Support for Native Text Indexing in Pinot

atris commented 3 years ago

Build a fully functional text search engine on top of native Pinot indices, allowing exact matches, prefix and suffix matches, substring matches and regular expressions.

Performance of the text search component (automaton, matcher and FST) should be comparable or better than Lucene's FST, matcher and automaton.

Build the engine using core Pinot capabilities and have it deeply integrated with Pinot's core components

Allow the library to be reusable across Pinot.

Allow the library to be extensible without requiring application changes

Please see:

https://docs.google.com/document/d/1PMhoRy6WF46C4d4mw0LVe9b8Vjqes6vsXZkmxXzMYzw/edit#heading=h.krgi6ulfrbxj

kkrugler commented 3 years ago

As part of the design, it would be great to see details on how different analysis chains can be specified (e.g. based on target language, for a column).

It would also be great to plan for supporting dynamic analysis chains, typically based on language classification (either manual or dynamic), per row, as that solves a major problem for many text search use cases.

siddharthteotia commented 3 years ago

Thanks @atris . I would like to review.

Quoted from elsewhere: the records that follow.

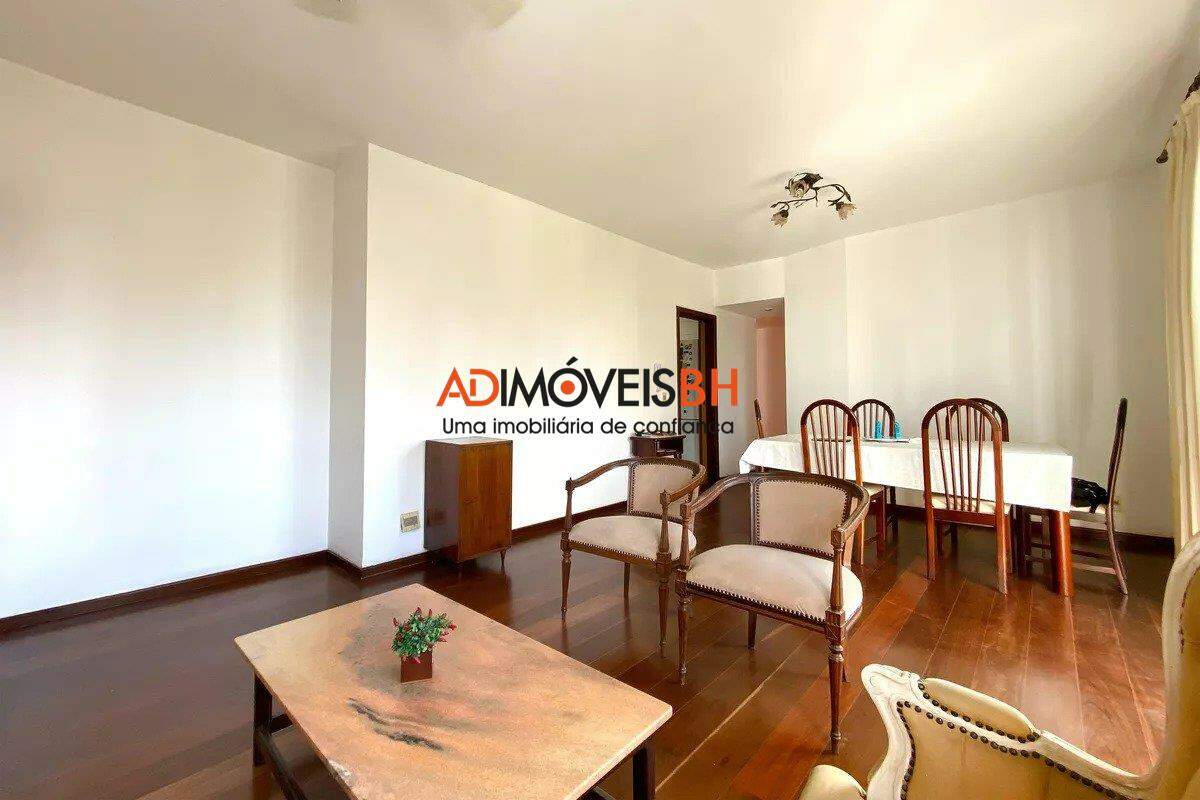 Apartamento à venda no Carmo: 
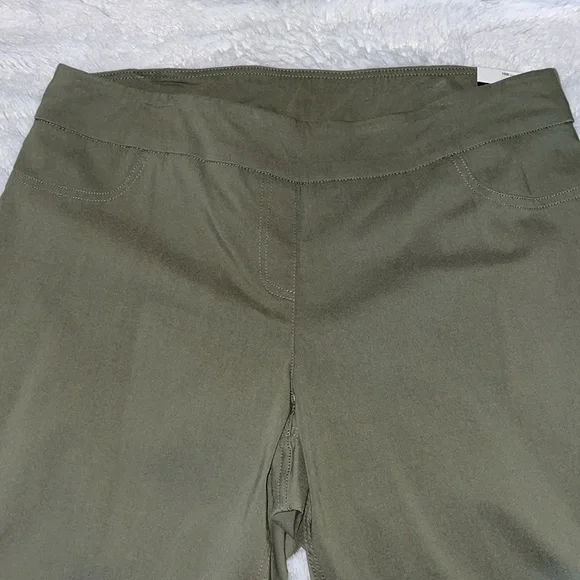 NWT NorthStyle pants Green Chinos Modern Flat Front Design.  Size 18W. - Picture 5 of 7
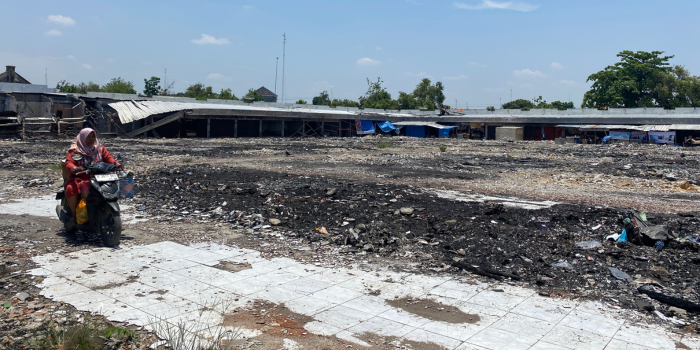 BUTUH PERBAIKAN: Seorang pengendara sepeda motor melintas di Pasar Ngawen yang belum tersentuh perbaikan. (ARIF FAKHRIAN KHALIM/RADARPATI.ID)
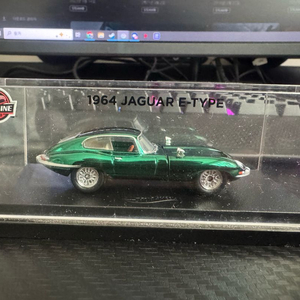 핫휠 rlc 재규어 하자품 (박스O) 이미지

Please give me couple of days to go through the doc.

siddharthteotia commented 3 years ago

High level question

After we added lucene based text index, there was FST text index added which uses Lucene FST libraries for purely regex searches as the former one took more storage if the user only wanted regex searches and not term, phrase etc.

For the current proposal of native text indexes, are we planning to re-implement all of Lucene libraries for search within Pinot ?

kishoreg commented 3 years ago

Looking at the doc and PR, it looks like only the FST is being implemented. Pinot already has the posting list and the ability to evaluate boolean expressions over posting lists. Is there anything else?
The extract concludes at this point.